§ TASK PROMPT
From the entries below, transcribe exactly the lines between the line holding "50 Unidades/caixa Bolas" and the line holding "French spicy floral", inclusive; skip all other lines.

§ EXERCISE DATA
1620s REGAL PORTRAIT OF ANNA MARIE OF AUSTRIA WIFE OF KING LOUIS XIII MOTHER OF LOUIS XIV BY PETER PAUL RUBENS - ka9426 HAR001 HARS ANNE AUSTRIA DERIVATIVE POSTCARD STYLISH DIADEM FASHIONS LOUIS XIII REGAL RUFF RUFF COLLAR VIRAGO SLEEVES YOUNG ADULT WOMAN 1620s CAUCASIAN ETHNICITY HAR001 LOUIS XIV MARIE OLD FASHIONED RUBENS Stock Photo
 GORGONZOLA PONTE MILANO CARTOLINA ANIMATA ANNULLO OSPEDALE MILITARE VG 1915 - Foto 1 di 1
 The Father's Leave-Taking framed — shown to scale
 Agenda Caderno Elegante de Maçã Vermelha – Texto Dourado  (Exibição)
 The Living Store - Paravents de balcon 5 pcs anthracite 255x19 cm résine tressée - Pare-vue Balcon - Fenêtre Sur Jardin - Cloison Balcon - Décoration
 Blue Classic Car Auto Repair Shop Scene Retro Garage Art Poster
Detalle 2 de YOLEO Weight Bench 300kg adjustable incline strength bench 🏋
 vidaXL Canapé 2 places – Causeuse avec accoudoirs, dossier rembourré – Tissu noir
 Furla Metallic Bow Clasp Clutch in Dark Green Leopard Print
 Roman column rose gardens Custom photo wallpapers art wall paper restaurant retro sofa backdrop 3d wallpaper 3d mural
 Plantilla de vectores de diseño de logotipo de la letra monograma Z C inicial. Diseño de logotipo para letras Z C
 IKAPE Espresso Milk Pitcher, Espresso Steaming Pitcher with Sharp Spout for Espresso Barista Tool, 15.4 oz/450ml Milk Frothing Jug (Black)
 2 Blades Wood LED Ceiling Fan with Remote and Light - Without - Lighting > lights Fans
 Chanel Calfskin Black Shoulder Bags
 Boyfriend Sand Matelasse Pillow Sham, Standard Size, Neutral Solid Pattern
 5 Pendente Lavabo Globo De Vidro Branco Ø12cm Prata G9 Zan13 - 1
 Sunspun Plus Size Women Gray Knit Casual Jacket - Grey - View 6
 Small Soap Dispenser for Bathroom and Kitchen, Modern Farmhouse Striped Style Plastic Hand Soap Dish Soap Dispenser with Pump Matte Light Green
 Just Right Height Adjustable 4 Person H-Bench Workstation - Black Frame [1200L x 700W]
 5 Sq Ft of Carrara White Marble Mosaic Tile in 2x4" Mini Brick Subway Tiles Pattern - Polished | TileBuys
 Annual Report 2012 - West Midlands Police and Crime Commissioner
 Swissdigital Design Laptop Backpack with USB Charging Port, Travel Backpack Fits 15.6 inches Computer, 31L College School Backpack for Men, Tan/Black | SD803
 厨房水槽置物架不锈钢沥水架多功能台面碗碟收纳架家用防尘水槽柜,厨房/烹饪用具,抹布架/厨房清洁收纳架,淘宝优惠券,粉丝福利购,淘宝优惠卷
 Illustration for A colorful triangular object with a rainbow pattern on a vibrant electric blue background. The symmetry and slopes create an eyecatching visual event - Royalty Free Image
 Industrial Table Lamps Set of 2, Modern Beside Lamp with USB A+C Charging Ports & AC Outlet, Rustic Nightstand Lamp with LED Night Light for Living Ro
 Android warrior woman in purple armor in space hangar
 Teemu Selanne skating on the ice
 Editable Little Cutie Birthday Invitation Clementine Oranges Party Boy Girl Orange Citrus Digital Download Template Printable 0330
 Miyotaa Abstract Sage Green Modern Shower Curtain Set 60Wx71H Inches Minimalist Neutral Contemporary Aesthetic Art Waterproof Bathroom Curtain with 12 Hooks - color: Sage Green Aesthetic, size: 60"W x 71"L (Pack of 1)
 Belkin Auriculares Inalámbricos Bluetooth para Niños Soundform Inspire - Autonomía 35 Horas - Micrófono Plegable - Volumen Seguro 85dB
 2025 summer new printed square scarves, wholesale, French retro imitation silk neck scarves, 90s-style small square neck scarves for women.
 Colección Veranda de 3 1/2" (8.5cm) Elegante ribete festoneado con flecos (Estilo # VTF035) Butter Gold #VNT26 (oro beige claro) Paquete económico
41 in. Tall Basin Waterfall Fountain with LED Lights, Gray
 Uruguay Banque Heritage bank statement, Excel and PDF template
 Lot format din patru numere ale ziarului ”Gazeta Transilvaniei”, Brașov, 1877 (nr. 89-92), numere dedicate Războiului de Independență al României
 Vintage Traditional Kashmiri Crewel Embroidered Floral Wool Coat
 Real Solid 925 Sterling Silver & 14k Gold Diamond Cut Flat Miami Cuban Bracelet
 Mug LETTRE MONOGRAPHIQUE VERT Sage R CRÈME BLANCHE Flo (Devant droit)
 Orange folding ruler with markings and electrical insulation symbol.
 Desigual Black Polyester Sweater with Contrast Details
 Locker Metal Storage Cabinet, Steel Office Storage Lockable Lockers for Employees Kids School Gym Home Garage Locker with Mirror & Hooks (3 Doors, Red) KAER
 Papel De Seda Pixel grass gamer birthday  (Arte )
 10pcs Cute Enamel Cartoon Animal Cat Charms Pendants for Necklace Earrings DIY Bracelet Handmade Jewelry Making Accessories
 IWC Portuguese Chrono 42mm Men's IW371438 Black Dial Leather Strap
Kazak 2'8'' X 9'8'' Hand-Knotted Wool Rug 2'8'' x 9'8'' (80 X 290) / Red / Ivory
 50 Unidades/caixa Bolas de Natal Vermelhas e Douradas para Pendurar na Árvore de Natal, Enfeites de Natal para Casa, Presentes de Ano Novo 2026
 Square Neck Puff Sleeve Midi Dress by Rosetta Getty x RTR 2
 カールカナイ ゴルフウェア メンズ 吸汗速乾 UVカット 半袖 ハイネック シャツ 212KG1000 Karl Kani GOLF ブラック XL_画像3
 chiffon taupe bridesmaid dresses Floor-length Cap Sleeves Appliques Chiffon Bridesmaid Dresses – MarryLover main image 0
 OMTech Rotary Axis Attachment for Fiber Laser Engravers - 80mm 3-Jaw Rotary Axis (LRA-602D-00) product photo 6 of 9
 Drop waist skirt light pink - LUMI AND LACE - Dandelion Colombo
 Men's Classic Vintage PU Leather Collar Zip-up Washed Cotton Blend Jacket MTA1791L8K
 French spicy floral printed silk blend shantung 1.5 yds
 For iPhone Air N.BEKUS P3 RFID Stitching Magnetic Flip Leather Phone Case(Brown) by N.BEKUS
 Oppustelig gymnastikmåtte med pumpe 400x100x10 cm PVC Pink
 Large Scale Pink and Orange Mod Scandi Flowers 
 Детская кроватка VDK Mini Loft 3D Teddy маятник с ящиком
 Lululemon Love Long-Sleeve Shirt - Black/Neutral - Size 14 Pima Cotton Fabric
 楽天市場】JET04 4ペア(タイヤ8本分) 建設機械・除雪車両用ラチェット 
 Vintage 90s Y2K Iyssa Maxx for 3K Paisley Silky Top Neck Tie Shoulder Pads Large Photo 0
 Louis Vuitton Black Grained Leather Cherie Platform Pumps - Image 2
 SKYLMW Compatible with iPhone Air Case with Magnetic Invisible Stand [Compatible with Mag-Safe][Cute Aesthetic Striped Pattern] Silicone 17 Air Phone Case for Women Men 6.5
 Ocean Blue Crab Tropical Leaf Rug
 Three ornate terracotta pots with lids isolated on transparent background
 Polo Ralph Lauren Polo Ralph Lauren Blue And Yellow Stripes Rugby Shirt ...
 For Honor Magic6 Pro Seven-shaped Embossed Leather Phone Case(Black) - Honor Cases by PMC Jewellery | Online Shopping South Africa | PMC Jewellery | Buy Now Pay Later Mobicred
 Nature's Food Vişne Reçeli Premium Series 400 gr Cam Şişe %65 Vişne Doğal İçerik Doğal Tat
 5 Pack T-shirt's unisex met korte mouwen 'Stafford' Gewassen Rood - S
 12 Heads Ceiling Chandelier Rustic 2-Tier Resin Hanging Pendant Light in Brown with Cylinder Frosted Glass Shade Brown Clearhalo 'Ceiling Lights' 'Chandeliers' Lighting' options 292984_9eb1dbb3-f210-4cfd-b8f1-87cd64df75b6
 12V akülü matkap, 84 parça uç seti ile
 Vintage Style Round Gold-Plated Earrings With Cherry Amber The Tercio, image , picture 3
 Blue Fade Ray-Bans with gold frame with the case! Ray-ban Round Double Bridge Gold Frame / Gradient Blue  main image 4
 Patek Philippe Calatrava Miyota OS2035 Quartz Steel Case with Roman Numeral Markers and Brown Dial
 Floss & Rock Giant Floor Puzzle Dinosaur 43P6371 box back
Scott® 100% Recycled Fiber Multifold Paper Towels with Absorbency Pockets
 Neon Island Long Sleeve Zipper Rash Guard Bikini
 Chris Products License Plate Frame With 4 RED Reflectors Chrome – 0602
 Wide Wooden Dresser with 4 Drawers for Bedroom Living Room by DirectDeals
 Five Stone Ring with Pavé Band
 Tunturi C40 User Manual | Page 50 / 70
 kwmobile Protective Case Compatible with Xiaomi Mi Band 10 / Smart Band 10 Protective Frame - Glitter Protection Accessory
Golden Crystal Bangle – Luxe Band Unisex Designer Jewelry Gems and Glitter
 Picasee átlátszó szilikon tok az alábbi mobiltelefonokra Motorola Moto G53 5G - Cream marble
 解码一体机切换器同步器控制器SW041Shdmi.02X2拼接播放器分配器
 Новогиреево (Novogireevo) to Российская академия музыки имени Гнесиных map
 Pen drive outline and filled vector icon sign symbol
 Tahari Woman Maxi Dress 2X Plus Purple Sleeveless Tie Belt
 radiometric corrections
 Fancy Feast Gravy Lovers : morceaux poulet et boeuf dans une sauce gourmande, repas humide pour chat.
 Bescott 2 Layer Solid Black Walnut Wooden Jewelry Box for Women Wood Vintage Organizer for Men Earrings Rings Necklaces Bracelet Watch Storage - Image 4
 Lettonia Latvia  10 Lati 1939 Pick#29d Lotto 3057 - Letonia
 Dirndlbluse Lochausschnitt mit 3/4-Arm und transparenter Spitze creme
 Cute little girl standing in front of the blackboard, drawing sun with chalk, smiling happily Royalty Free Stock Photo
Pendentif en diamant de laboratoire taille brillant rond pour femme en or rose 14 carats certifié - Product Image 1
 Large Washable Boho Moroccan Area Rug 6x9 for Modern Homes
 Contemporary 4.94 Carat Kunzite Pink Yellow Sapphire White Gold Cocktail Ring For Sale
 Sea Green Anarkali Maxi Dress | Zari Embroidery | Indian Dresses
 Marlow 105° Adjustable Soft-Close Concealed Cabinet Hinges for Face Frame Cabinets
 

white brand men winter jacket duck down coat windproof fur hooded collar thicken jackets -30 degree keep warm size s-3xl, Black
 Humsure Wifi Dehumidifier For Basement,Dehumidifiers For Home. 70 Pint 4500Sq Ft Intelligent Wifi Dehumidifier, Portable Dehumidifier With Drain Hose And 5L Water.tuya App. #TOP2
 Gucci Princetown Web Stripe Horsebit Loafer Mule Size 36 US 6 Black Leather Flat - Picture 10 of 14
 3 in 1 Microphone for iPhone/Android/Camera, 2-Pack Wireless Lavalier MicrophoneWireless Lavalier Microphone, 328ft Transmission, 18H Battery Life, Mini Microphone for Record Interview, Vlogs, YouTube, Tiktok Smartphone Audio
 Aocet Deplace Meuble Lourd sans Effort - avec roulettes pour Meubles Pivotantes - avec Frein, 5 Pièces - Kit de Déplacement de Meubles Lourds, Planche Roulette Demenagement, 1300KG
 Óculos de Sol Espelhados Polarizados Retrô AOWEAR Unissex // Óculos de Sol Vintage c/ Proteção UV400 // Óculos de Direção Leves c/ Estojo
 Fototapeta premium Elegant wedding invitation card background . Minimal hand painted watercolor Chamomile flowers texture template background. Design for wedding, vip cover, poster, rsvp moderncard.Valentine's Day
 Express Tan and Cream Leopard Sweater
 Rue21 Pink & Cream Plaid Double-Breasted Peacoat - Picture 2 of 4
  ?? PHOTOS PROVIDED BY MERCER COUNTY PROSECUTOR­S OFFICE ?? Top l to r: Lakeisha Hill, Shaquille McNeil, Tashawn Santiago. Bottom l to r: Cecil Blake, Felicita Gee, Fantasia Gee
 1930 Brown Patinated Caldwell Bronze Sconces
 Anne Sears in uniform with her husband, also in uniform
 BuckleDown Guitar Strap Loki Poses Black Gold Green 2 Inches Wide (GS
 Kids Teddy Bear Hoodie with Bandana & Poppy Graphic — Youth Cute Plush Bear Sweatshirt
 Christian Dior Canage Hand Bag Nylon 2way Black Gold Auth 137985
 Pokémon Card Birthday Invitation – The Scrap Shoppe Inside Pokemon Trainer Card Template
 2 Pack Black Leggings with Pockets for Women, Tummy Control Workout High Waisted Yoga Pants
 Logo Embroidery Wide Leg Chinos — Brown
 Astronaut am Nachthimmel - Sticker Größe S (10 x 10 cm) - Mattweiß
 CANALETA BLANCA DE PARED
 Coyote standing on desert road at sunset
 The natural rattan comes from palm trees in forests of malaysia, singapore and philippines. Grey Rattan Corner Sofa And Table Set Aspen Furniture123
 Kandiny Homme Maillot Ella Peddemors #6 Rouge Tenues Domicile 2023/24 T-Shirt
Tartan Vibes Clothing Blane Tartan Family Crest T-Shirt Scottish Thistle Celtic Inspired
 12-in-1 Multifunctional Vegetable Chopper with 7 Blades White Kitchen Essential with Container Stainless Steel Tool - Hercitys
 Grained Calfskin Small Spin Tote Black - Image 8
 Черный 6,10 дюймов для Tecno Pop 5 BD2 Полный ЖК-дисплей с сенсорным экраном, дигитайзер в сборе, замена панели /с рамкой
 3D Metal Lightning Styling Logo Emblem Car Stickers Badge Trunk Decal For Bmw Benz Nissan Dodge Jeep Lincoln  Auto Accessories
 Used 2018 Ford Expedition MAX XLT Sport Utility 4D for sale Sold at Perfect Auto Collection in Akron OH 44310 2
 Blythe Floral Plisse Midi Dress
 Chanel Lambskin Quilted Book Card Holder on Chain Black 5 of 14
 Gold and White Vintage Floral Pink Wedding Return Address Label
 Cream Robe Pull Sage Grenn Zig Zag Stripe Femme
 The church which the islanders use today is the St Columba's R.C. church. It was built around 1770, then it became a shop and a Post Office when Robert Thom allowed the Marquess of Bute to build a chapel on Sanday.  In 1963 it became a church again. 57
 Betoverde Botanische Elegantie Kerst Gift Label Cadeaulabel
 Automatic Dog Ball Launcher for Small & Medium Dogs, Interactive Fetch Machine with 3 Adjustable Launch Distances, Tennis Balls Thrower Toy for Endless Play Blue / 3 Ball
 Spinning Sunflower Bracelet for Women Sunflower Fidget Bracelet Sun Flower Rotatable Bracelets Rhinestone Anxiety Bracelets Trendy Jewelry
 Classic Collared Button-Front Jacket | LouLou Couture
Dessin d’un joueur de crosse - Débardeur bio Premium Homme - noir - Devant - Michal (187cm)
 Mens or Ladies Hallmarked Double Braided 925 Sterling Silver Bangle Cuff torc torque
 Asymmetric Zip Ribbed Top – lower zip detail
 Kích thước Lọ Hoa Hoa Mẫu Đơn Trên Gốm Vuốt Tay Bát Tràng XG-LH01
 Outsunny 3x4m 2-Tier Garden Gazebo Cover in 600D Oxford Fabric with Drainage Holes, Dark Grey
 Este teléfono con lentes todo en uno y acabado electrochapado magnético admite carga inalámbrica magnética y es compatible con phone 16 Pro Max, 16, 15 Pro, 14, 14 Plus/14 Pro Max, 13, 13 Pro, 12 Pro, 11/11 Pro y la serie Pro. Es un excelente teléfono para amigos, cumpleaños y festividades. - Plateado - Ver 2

§ WORKED SOLUTION
 50 Unidades/caixa Bolas de Natal Vermelhas e Douradas para Pendurar na Árvore de Natal, Enfeites de Natal para Casa, Presentes de Ano Novo 2026
 Square Neck Puff Sleeve Midi Dress by Rosetta Getty x RTR 2
 カールカナイ ゴルフウェア メンズ 吸汗速乾 UVカット 半袖 ハイネック シャツ 212KG1000 Karl Kani GOLF ブラック XL_画像3
 chiffon taupe bridesmaid dresses Floor-length Cap Sleeves Appliques Chiffon Bridesmaid Dresses – MarryLover main image 0
 OMTech Rotary Axis Attachment for Fiber Laser Engravers - 80mm 3-Jaw Rotary Axis (LRA-602D-00) product photo 6 of 9
 Drop waist skirt light pink - LUMI AND LACE - Dandelion Colombo
 Men's Classic Vintage PU Leather Collar Zip-up Washed Cotton Blend Jacket MTA1791L8K
 French spicy floral printed silk blend shantung 1.5 yds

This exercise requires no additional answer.